4Wave is the pioneer in a new deposition technology called Biased Target Deposition. BTD is a hybrid between IBD and conventional sputter deposition that combines the best of each technique. BTD is uniquely suited to demanding applications requiring atomically engineered thin films and interfaces as it offers a large range of process pressures, control of adatom energies, and excellent uniformity and repeatability. High performance multilayer devices such as giant magnetoresistive multilayers, optical interference filters, and gate dielectric stacks are particularly well suited to BTD.
- High output, low-energy plasma source.
- Independent target biasing for alloy composition control.
- Substrate plasma cleaning, etching oxidation, nitridization.
- Water cooled, tilting, rotating, pulsed DC biased stage.
What is a Biased Target Deposition (BTD)?
In BTD, a low energy ion source (typically of the end-Hall or closed-drift Hall type) is directed at a negatively biased sputtering target. The maximum energy (typically < 30 eV) of the ions is less than the sputter threshold of the vacuum system materials. No effort is made to capture all of the ions on the target because ions that miss the target do not generate unwanted sputtering. In practice, the ion beam can be much broader than the target to improve illumination uniformity.
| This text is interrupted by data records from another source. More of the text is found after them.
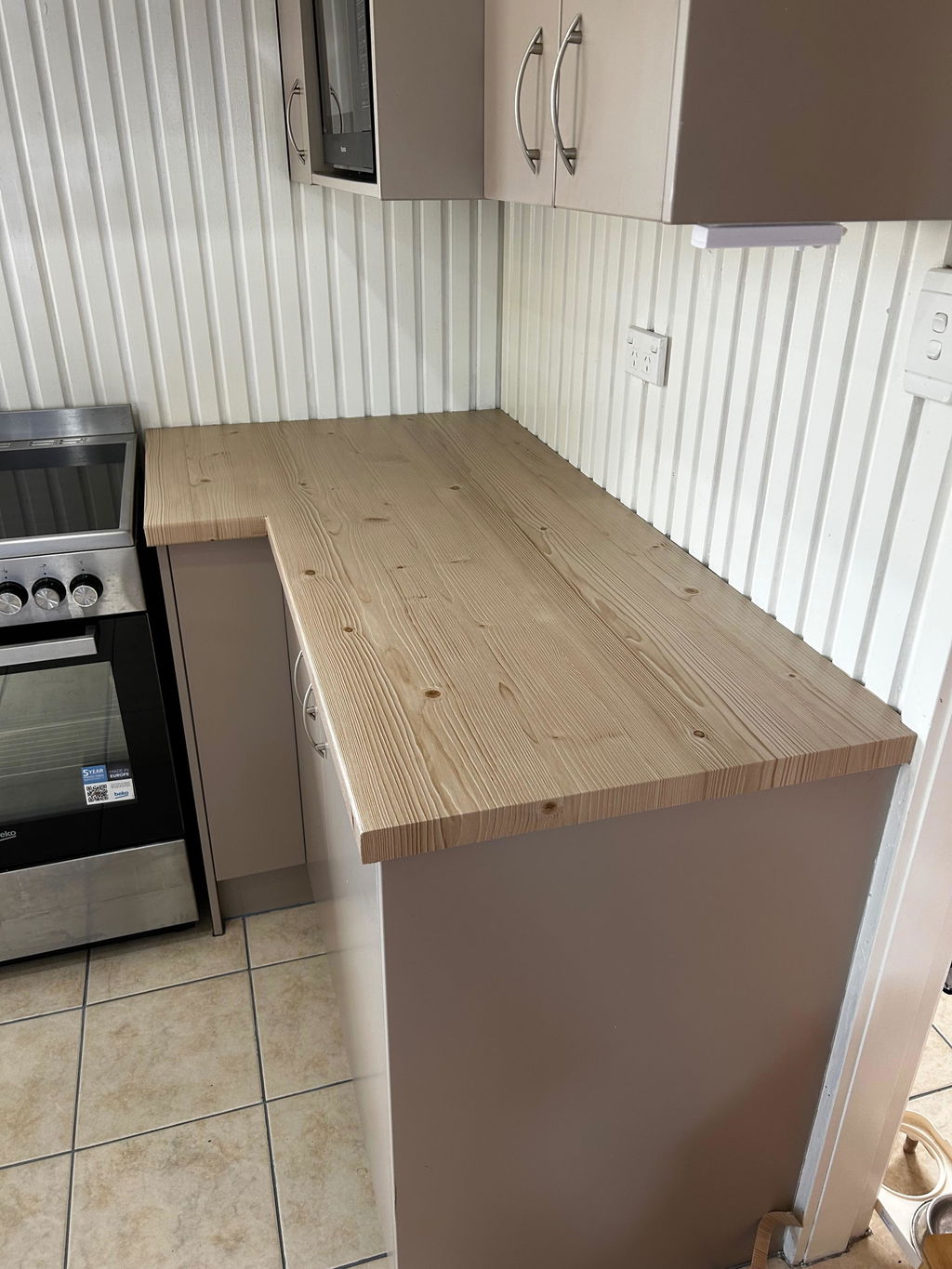 Jura Pine | Adhesive Vinyl - various sizes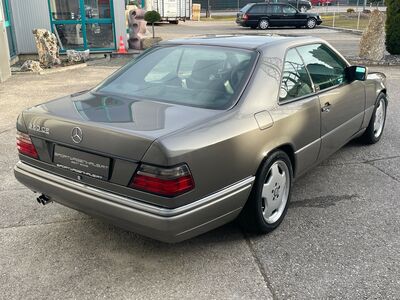 Mercedes-Benz W124 (200 - E 420) Gebrauchtwagen Mercedes-Benz W124 (200 - E 420) Gebrauchtwagen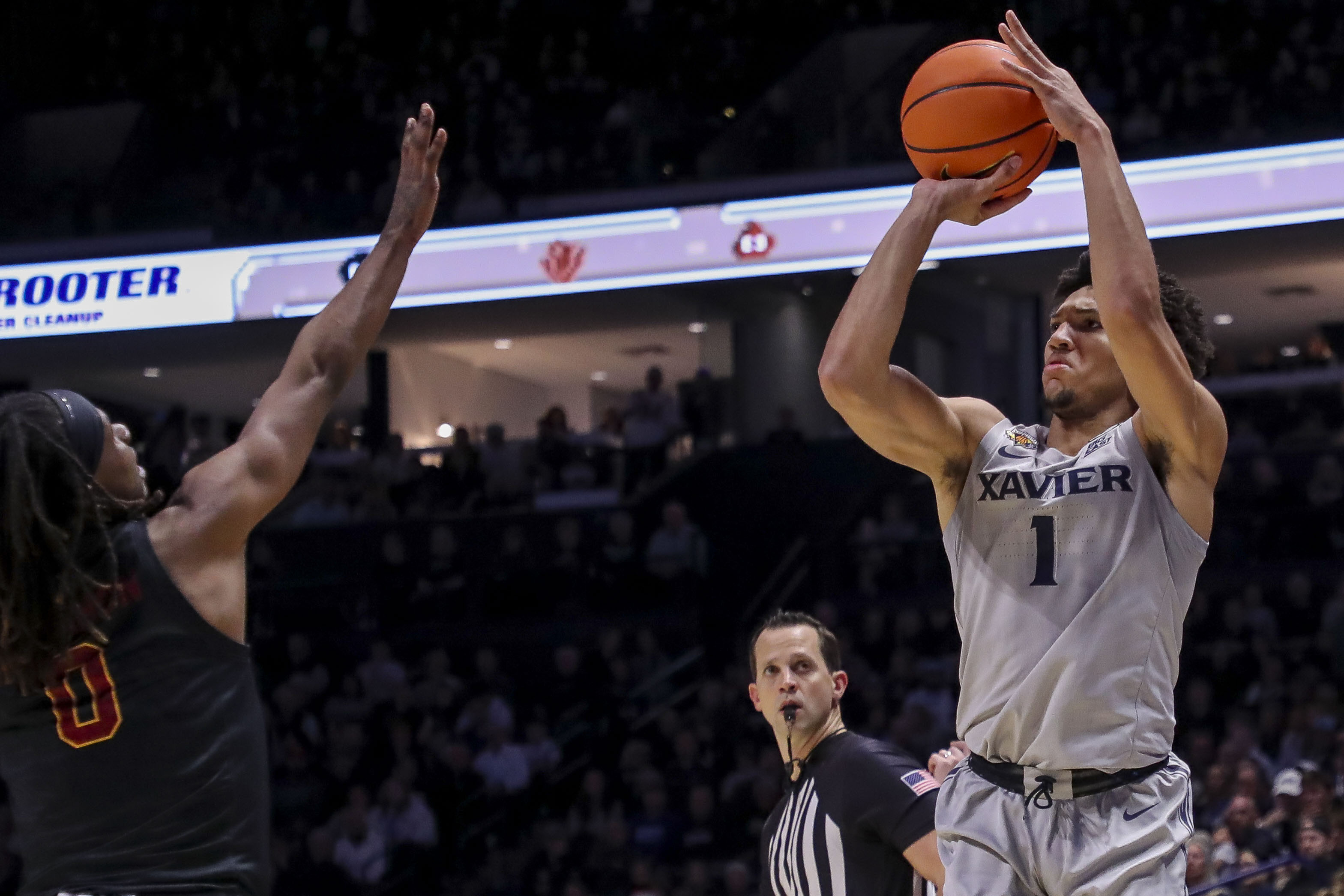 Xavier ends Winthrop's fourgame winning streak Reuters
A plasma sheath develops at the surface of the negatively biased target that accelerates positive ions entering the sheath toward the target to produce sputtering.
Because the sheath is very small (~ 2 mm) compared to the spacing between the ion source and target, the target bias has no substantial effect on the ion trajectories from source to target. Hence, for constant source operation, the illumination profile and the ion current reaching the target are nearly independent of the target voltage. A grounded shield surrounds the target to prevent undesired sputtering of the target mounting hardware that is also biased. DC, RF or pulsed DC target bias is used depending on the target material and desired process. A large range of target voltages (~100 to 2000 V) can be used while maintaining reasonable deposition rates. The selection of the target voltage, by virtue of its impact on adatom energies, has a profound impact on the atomic scale mixing at thin film interfaces and the overall roughness of the growing film. In addition, the ion source is capable of operating over a broad range of process pressures (~10-4 to 5×10-3 Torr), allowing control of the adatom scattering from the background gas.
A second, low energy ion source (an assist source) is directed at the substrate to modify the properties of the growing film. Non-reactive assisting ion energies of order 5-15 eV are useful in creating smooth films. Reactive assist ions can be used (e.g. ions of O2 and N2) to create dielectric films from metallic targets. This source can also be used to etch, clean and modify surfaces prior to deposition.